Sounds like we found our culprit. But didn’t the issue say that they would not make this change? What gives?

Enter GDB

At this point I started doubting the correctness of five year old issue comments, and decided to have a look at things myself. Thankfully, Gentoo makes it very easy to add debugging information to packages and have the source code installed alongside binaries and library files. A single addition to /etc/portage/package.env later and I was debugging removeField in gdb(1).

Stepping ahead to where the method checks whether value is null or not, I printed its contents:

(gdb) p value
$1 = (const TagLib::String &) @0x7fffffffc240: {
  _vptr.String = 0x7ffff5be83b8 <vtable for TagLib::String+16>, static null = {
    _vptr.String = 0x7ffff5be83b8 <vtable for TagLib::String+16>, 
    static null = <same as static member of an already seen type>, 
    static WCharByteOrder = TagLib::String::UTF16LE, d = 0x5555559a95c0}, 
  static WCharByteOrder = TagLib::String::UTF16LE, d = 0x555555b9f700}

Ah, like any good project, taglib is using a custom string type. Let’s convert it to a C string:

(gdb) print value.toCString(false)
$5 = 0x555555b9f740 ""

And there it was. taglib indeed was using an empty string (and not null) as the default for value in removeField.

Closing Blame

One question remained: Why was this changed after all?
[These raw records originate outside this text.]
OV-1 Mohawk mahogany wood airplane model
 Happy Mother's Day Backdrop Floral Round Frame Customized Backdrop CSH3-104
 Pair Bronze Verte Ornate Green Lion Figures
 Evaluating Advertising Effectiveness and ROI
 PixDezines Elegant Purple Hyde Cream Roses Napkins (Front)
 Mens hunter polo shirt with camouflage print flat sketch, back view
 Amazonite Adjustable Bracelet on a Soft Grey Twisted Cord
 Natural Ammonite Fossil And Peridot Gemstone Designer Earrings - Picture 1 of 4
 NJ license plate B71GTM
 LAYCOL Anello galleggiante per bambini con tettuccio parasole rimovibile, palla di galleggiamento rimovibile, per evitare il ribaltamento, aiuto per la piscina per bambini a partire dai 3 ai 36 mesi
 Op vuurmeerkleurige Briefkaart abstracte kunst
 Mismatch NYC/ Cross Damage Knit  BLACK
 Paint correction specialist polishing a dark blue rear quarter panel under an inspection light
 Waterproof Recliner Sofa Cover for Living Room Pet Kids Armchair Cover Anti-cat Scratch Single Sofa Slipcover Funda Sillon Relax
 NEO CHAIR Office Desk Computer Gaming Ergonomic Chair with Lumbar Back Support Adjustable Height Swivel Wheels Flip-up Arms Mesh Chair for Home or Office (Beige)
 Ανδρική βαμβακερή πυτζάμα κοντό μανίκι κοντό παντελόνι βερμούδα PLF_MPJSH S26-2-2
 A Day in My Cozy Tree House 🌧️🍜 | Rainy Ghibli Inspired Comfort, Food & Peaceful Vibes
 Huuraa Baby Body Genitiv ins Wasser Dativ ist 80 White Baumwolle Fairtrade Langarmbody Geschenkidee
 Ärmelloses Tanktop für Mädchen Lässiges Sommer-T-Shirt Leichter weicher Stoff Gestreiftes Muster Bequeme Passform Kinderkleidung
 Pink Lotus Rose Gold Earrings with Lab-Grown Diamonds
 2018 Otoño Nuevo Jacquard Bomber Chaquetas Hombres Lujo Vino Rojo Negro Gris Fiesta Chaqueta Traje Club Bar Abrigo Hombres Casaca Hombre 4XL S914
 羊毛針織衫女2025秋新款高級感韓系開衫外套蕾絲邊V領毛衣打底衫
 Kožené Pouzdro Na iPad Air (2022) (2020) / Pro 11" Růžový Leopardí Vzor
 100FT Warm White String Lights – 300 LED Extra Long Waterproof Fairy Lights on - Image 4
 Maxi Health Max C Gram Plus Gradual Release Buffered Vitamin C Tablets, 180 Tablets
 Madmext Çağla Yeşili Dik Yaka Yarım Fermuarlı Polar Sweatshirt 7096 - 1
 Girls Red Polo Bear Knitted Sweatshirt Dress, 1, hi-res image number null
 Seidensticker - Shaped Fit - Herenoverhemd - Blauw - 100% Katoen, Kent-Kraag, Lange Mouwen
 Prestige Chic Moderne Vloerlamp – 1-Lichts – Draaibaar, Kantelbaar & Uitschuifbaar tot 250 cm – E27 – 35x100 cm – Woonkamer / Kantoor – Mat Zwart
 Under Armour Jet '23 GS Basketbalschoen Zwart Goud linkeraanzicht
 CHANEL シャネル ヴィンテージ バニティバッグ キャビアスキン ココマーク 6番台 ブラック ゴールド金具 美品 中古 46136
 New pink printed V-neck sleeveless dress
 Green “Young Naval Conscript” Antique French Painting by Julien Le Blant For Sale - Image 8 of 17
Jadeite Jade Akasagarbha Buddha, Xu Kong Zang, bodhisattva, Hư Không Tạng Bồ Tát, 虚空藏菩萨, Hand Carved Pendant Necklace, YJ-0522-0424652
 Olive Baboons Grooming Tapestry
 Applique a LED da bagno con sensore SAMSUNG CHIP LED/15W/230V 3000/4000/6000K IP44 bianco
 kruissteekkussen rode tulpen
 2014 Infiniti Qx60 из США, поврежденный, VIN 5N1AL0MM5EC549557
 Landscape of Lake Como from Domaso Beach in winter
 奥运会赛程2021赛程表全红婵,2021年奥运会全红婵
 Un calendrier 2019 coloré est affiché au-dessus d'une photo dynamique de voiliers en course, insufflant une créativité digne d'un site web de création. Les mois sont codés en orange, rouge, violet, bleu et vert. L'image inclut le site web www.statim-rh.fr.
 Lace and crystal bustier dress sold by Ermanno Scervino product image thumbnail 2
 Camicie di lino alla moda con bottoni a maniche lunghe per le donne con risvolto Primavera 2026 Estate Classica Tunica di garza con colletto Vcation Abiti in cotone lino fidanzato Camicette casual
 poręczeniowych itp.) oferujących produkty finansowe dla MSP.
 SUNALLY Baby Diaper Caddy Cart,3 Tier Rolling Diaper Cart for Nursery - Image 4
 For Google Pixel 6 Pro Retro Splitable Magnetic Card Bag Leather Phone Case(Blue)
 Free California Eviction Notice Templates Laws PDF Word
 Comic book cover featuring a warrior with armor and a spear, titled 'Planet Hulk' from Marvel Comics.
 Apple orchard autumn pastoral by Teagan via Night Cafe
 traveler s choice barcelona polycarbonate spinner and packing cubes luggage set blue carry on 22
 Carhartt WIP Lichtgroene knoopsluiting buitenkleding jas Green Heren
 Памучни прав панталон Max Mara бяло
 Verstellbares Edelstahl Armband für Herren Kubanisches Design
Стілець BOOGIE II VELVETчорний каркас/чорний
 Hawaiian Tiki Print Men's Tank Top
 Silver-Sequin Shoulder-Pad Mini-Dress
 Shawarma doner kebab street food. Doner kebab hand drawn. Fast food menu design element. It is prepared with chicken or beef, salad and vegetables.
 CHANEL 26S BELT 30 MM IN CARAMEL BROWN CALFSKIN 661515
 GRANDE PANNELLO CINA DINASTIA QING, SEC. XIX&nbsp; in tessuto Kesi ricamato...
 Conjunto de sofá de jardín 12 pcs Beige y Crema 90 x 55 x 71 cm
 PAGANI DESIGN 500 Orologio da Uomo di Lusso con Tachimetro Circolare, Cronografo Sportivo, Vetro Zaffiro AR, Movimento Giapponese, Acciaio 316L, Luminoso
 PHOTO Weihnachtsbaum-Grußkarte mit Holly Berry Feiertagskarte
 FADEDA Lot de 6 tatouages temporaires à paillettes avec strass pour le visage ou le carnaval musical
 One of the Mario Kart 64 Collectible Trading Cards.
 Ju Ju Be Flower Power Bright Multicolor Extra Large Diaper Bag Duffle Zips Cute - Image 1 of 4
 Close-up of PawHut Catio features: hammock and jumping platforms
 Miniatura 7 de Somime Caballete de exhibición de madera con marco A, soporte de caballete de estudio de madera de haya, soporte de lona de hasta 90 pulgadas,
It seemed pretty clear back then that the developers did not want to break the API. Perhaps there was a different bug at work here?

As I had learnt earlier, the default value for a parameter is found in the header file, so I used git-blame(1) to find commits that introduced changes to the prototype. Surprisingly, what I found was a very recent change from September that added actual deprecation warnings… and quietly changed String::null to String(). I was not able to find a reason for this; to my knowledge, no commit or issue mentions this change.

So in the end, whilst wanting to keep up API promises, the behaviour of an already deprecated method was changed in what can only be called the “development branch” of the project, and it hit me because Gentoo decided that it was a good idea to use work-in-progress code as a stable candidate for a package.

Around the time I discovered this, someone else had already opened an issue on GitHub. I shared my findings and later opened a pull request. I am pondering bringing this to the package maintainer’s attention, but am not confident it will result in any positive change.